Saya ingin menekankan kembali bahwa karamah merupakan kedudukan yang bersifat syar’i. Kita tidak boleh menisbatkannya kepada seseorang kecuali berdasarkan pada syarat-syarat syariah. Ada perbedaan mendasar antara hal-hal yang bersifat syar’iyah dan hal-hal yang bersifat duniawi. Sifat-sifat duniawi misalnya gelar doktor. Banyaknya orang yang mengaku mendapat karamah karena masalah ini sangat disukai dan didamba. Inilah yang harus diperhatikan jangan sampai kita menyukai pujian atas apa yang tidak pernah kita lakukan.
Bagaimana cara berlepas diri dari sihir?
Cara terbaik adalah kita harus mengetahui dan memahami kedudukan sihir di mata Allah. Mempelajari sihir atau berhubungan dengannya sama sekali tidak ada sisi positifnya, bahkan sebaliknya akan menjebak seseorang ke jurang kehancuran. Perhatikan firman Allah “Dan mereka mempelajari sesuatu yang memberi madlorot dan tidak memberi manfaat.” (QS. Al-Baqarah: 102) dan dalam ayat yang sama, Allah menegaskan “Dan, sesungguhnya mereka telah meyakini barangsiapa yang menukarnya (kitab Allah) dengan sihir itu, tiadalah keuntungan baginya di akhirat.”
Bagaimana seseorang berani menjual akhiratnya untuk kepentingan dunia yang sesaat ini. Wahai orang yang terlibat langsung dengan sihir ketahuilah bahwa kamu tidak akan dapat apa-apa.

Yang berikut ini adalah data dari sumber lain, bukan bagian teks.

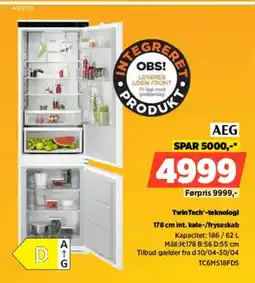 Power AEG TwinTech'-teknologi int. køle-/fryseskab tilbud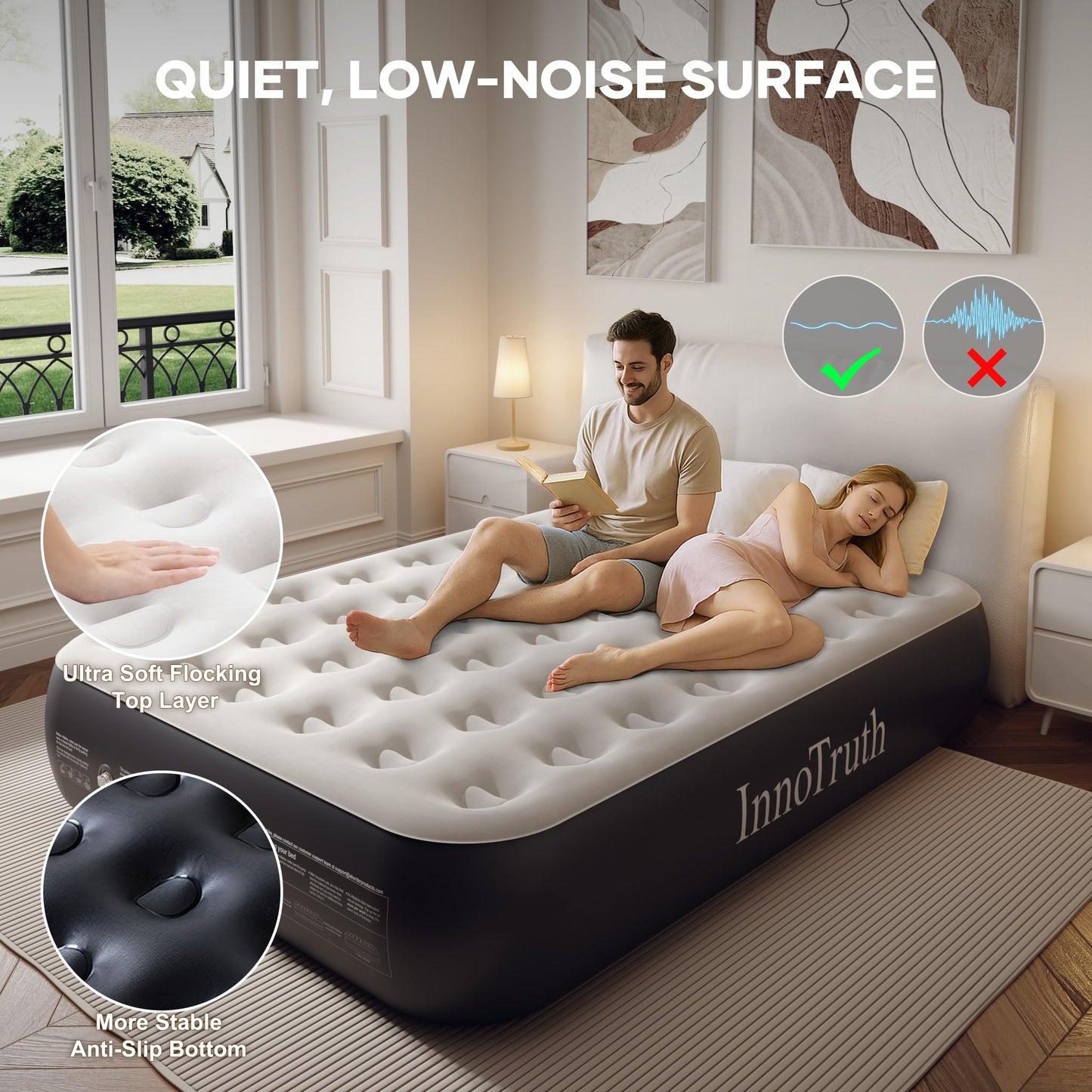 InnoTruth Queen Camping Air Mattress with Built-in Pump, Inflatable Blow up Mattress for Home & Guests, 13" Raised Colchones Inflables Air Bed, Ideal for Travel, Outdoor, Back to School Supplies, Grey
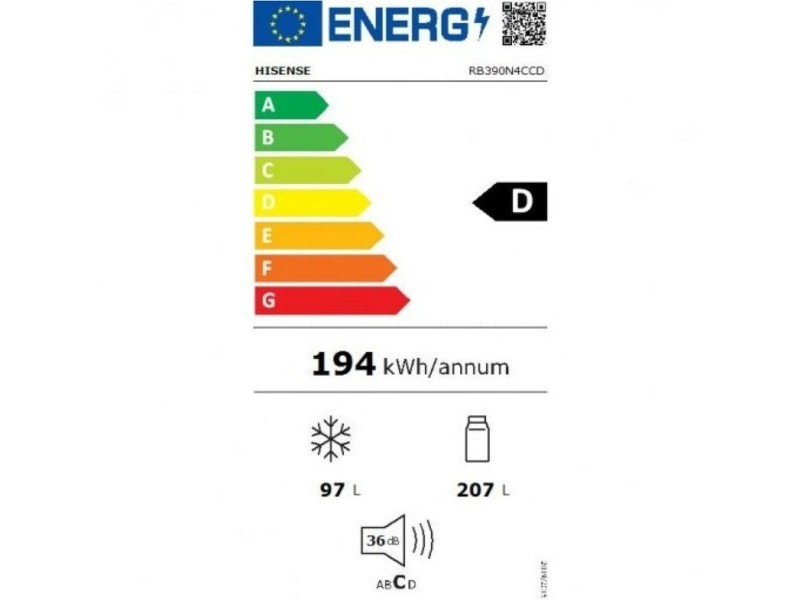 Комбиниран хладилник Hisense RB390N4CCD  Стомана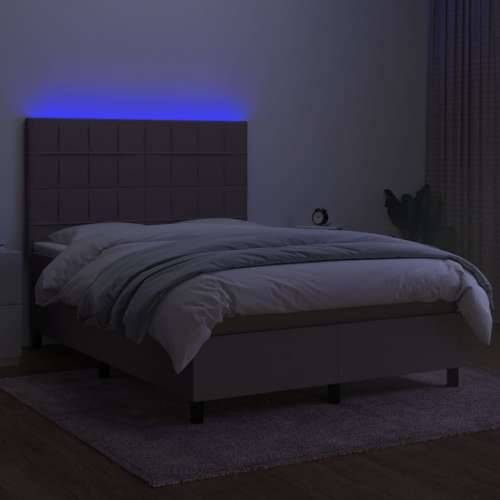 Krevet box spring s madracem LED smeđesivi 140x200 cm tkanina - Sivo-smeđa 140 x 200 cm Blok s kvadratima Cijena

Saya tahu seseorang yang anak perempuannya sakit parah, sampai ia tidak bisa mengenali lagi orang-orang di sekitarnya. Kemudian ada yang menyarankan untuk membawanya berobat ke seorang tabib yang lebih cenderung menggunakan sihir sebagai bagian dari pengobatannya. la mulai berpikir, “Ini dalam keadaan dharurat, seperti dibolehkannya memakan bangkai bila tidak mendapatkan makanan dan hampir meninggal.” Lalu datanglah seseorang menasihatinya, “Seandainya anakmu meninggal dalam keadaan Islam dan engkau tidak menyekutukan Allah, itu sangat jauh lebih baik daripada engkau dan anakmu meninggal dalam keadaan menyekutukan Allah”.
Ketahuilah bahwa sesungguhnya ujian dalam segala bentuknya pada hakekatnya adalah untuk mengangkat derajat kaum muslimin. Sakit bukanlah alasan untuk datang ke tukang sihir. Bersabarlah dan datanglah ke dokter. Hendaknya dipahami bahwa setiap yang diharamkan Allah pada hakekatnya itu membawa keburukan.